Coming back to the questions of instructions, my first thought was that “Clojush instructions should be documented on the Clojush site, and Klaupacius instructions should be documented on the Klaupacius site, etc.” so we separate the big picture concepts and the implementation details.
My second thought was that maybe we should list at least the (Clojush) instructions that we have evidence matter. We could go through the zillion results files from @thelmuth’s dissertation (and there are probably similar files for @williamlacava) and pull out all instructions used in the simplified programs for winning individuals. We could then do frequency counts on those, and then highlight on Push Redux the instructions that seemed to come up fairly often in solutions across large numbers of problems. This would not be to suggest that those are the only instructions you need, or that other instructions in the current systems might not be useful (esp. for certain problems), or that there might be instructions we’ve never imagined (or implemented outside of Klaupacius, which has everything). But it would mean that every instruction we bother saying something about is an instruction that is demonstrably valuable.

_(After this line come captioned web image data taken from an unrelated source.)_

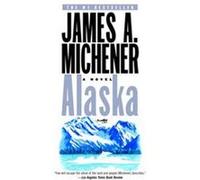Alaska James A. Michener (Auteur)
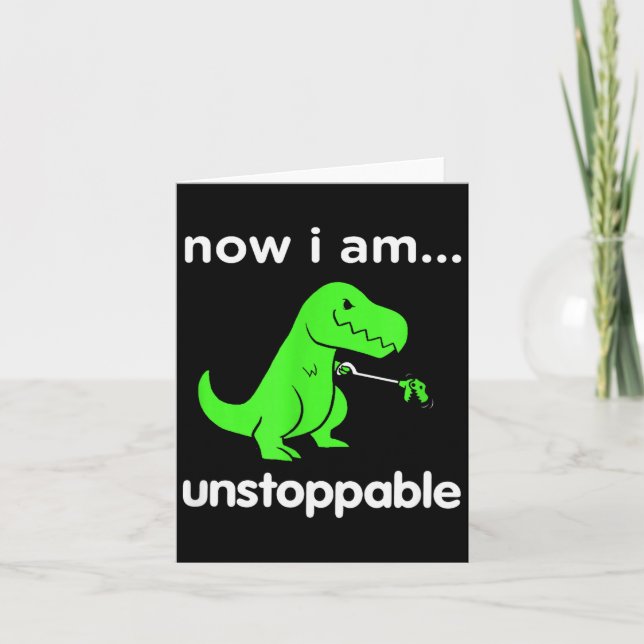 Cartão Now I Am Unstoppable T-rex Funny Grabber Dinosaur  (Frente)
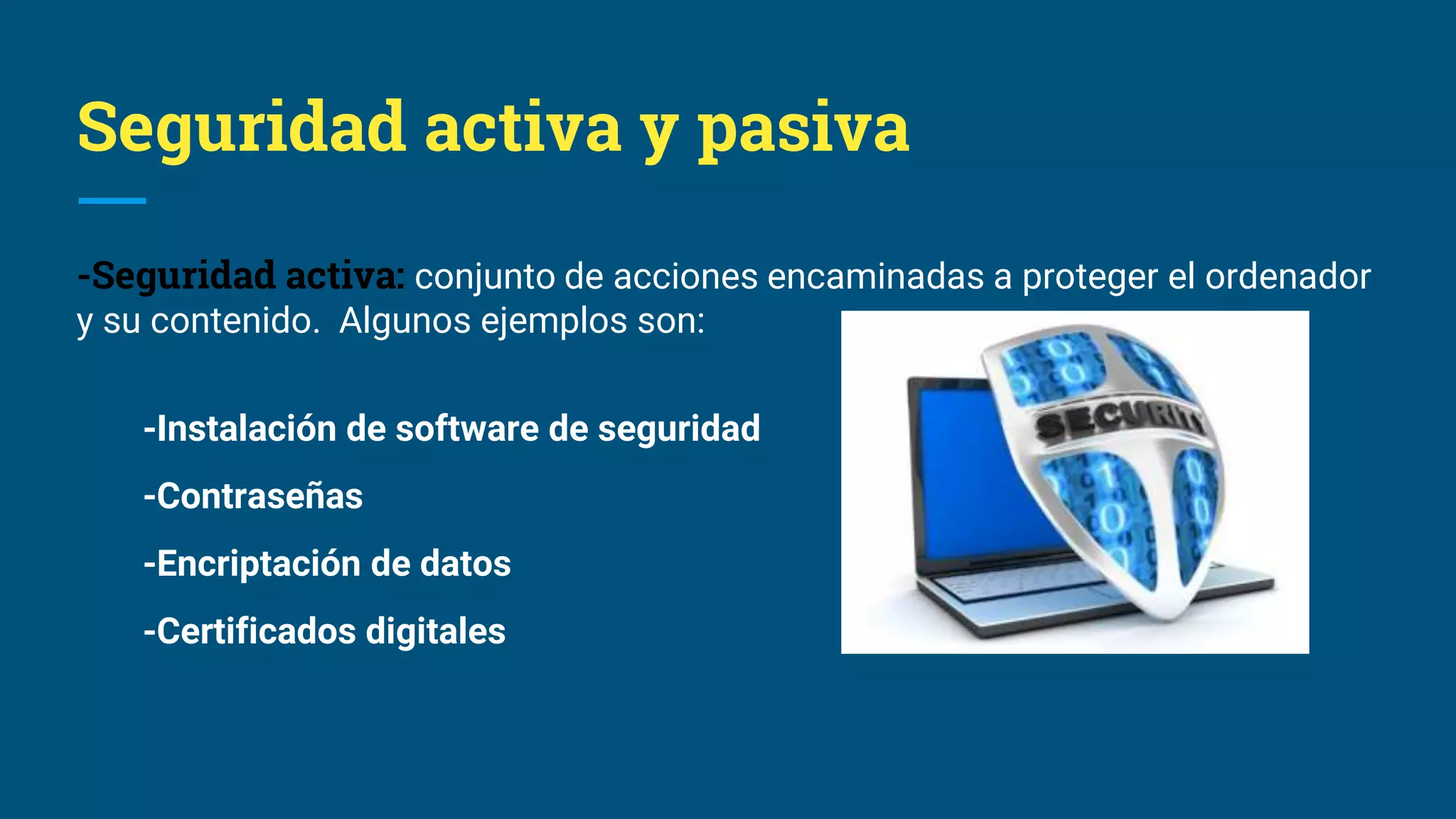 Seguridad activa y pasiva
-Seguridad activa: conjunto de acciones encaminadas a proteger el ordenador
y su contenido. Algunos ejemplos son:
-Instalación de software de seguridad
-Contraseñas
-Encriptación de datos
-Certificados digitales
 
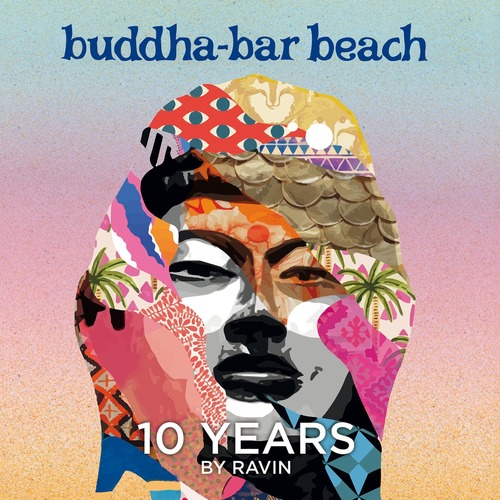 VA - Buddha Bar Beach 10 Years by Ravin (2024) [16Bit]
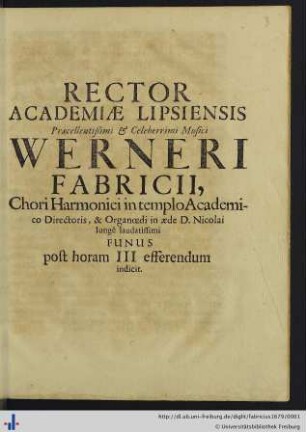 Rector Academiae Lipsiensis Praecellentißimi et Celeberrimi Musici Werneri Fabricii, ... Funus post horam III efferendum indicit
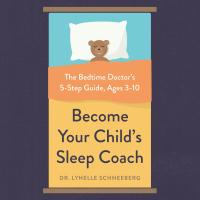 Become Your Child’s Sleep Coach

That would require some work, but it would be useful work, and might ultimately turn into a paper or a note. (Maybe a student project and a student workshop paper?) I could imagine that a fancy job of this might introduce some useful clustering on instructions that tend to appear together, and then we could use something like SMAC to try to “tune” clusters of instructions to use on a problem.
Looking at it, though, there seem to still be several blanks in and amongst all the excellent work that’s been done there. Would it be useful to have a TODOs page that lists the known gaps so someone looking to contribute a little could look there. Or that can be handled using Github issues if people think that would be preferable.
There might be a reason to keep this, but I would agree that we want to remove it if it’s not likely to be used. The reason I’m thinking of is that most of Discourse is hidden from the public, and I there are times when I think we discover something that might be interest to a broader community but doesn’t necessarily rise to the level of a paper. If there was a blog here, though, then we could use that to share these “notes” (perhaps after working out the basics here on Discourse). For example, I could see a blog post about the fact adding the new-ish
dup_… instructions changed performance on the software synthesis problems since that’s not likely to rise to the level of a paper but might be interesting to others.